=== Section Start ===

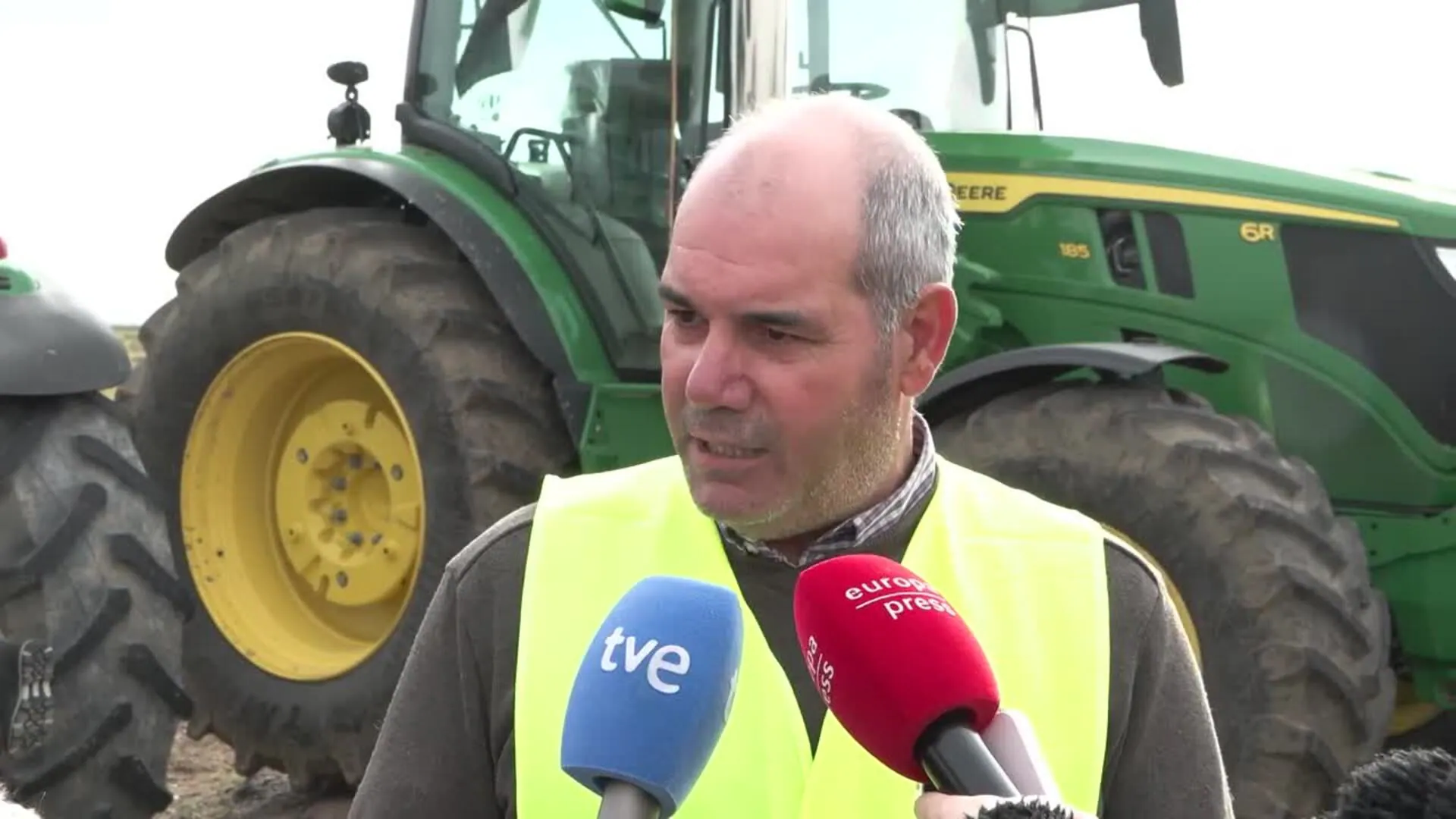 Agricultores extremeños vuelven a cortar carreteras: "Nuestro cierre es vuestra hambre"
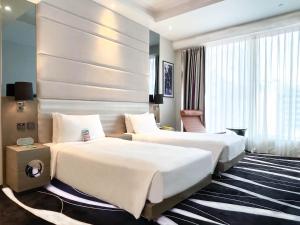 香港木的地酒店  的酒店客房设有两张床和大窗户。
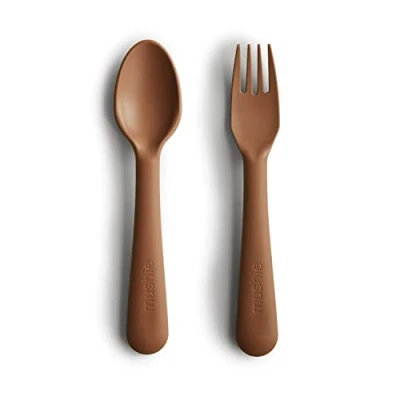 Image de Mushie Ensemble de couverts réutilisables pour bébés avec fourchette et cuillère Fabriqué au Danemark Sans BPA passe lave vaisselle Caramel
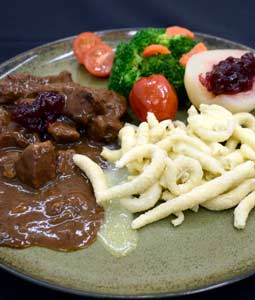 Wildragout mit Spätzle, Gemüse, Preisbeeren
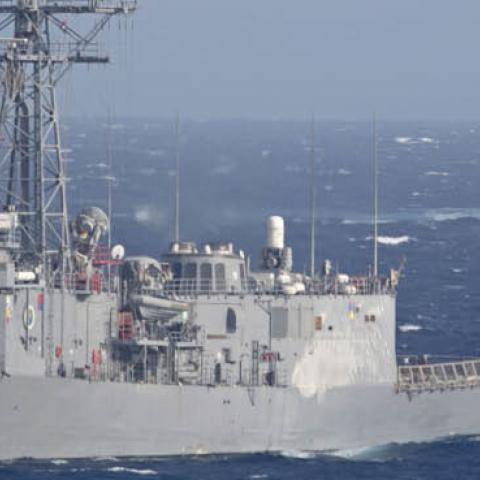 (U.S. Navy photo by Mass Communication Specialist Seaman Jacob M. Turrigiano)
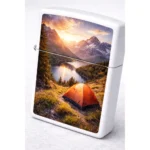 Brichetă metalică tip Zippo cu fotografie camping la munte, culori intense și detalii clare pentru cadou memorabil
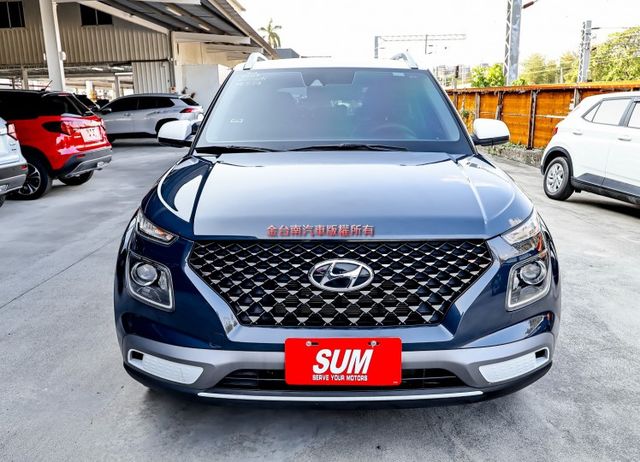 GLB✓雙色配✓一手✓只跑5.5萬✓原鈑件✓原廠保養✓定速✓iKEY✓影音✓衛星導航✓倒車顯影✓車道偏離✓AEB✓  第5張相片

=== Section End ===
=== Section Start ===

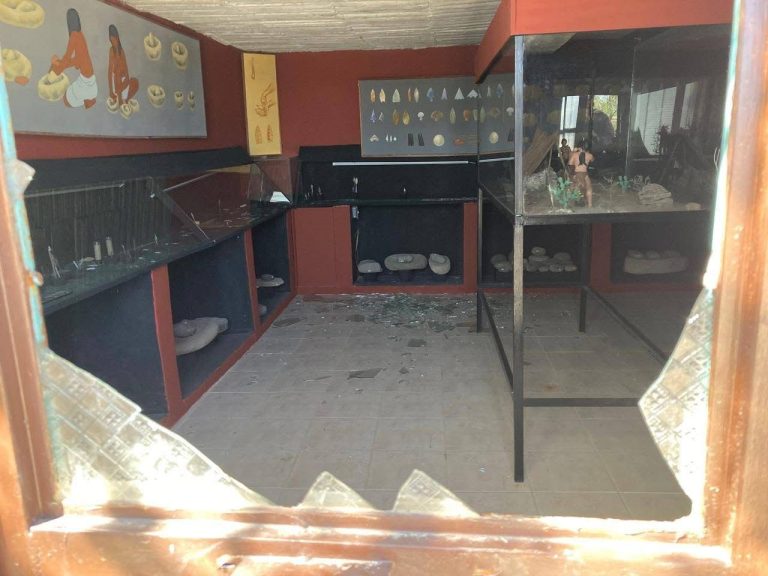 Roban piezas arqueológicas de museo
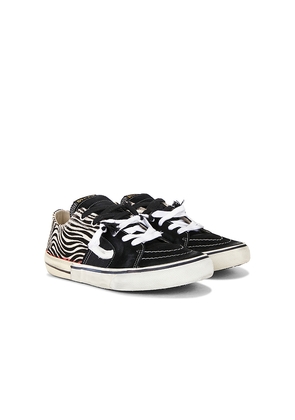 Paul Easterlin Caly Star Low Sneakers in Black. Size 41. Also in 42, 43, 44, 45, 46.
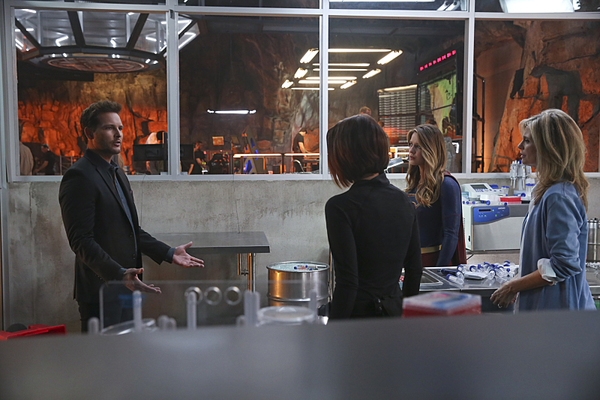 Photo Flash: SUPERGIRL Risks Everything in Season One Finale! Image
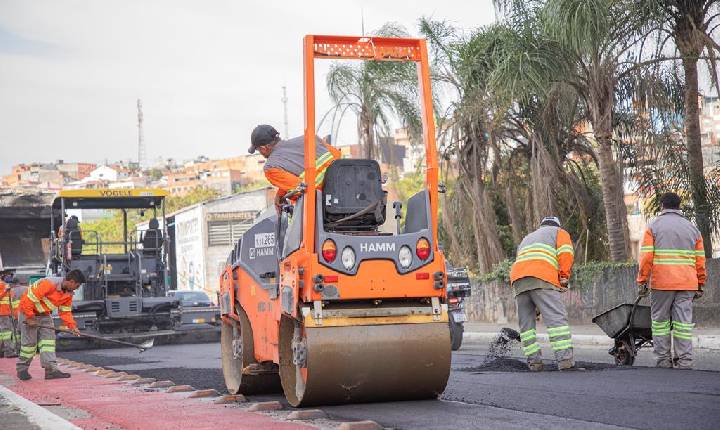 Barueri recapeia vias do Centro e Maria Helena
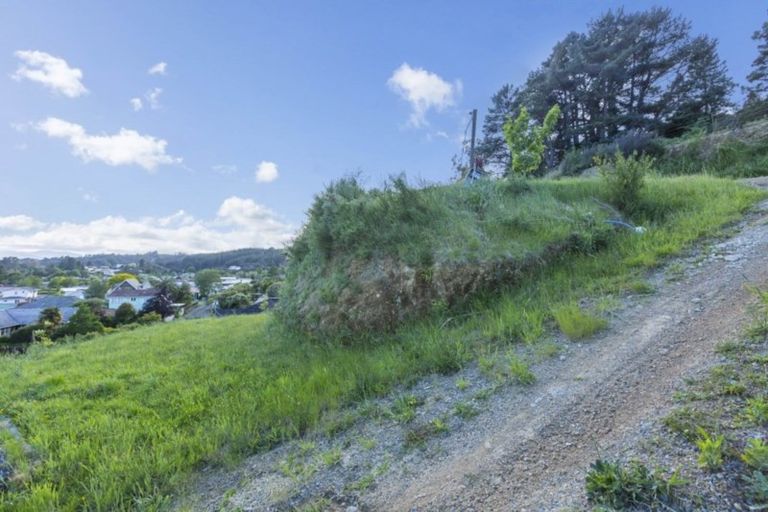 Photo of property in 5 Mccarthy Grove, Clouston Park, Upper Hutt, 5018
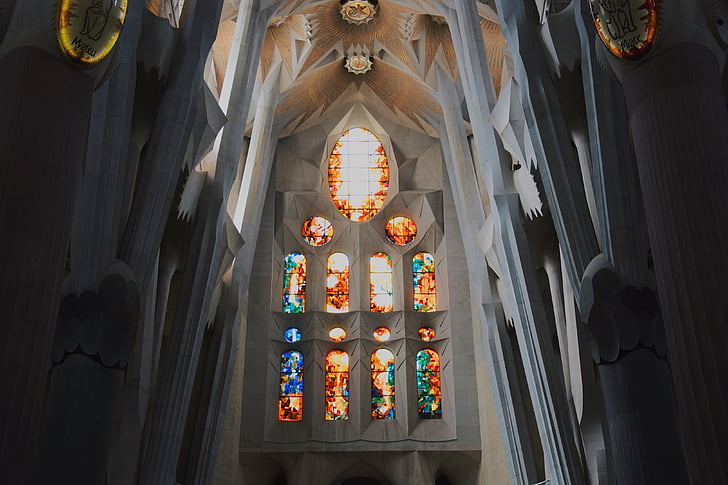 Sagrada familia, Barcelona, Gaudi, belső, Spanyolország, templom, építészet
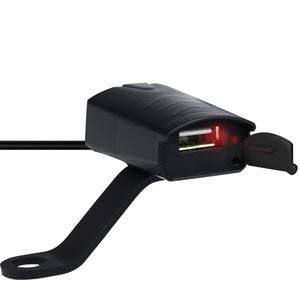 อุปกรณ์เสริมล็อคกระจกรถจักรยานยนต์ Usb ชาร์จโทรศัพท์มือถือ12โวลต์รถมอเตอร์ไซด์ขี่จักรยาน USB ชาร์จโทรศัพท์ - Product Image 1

=== Section End ===
=== Section Start ===

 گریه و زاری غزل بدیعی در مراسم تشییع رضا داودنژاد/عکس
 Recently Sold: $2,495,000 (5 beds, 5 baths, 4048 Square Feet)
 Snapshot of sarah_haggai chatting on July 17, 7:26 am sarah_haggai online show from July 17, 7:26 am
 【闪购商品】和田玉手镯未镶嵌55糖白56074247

=== Section End ===

About this exercise:
Precisely those lines above that run from the line with "Agricultores extremeños vuelven" up to and including the line with "Image de Mushie" are to be set down, with the pictures omitted.

Exercise result:
 Agricultores extremeños vuelven a cortar carreteras: "Nuestro cierre es vuestra hambre"
 香港木的地酒店  的酒店客房设有两张床和大窗户。
 Image de Mushie Ensemble de couverts réutilisables pour bébés avec fourchette et cuillère Fabriqué au Danemark Sans BPA passe lave vaisselle Caramel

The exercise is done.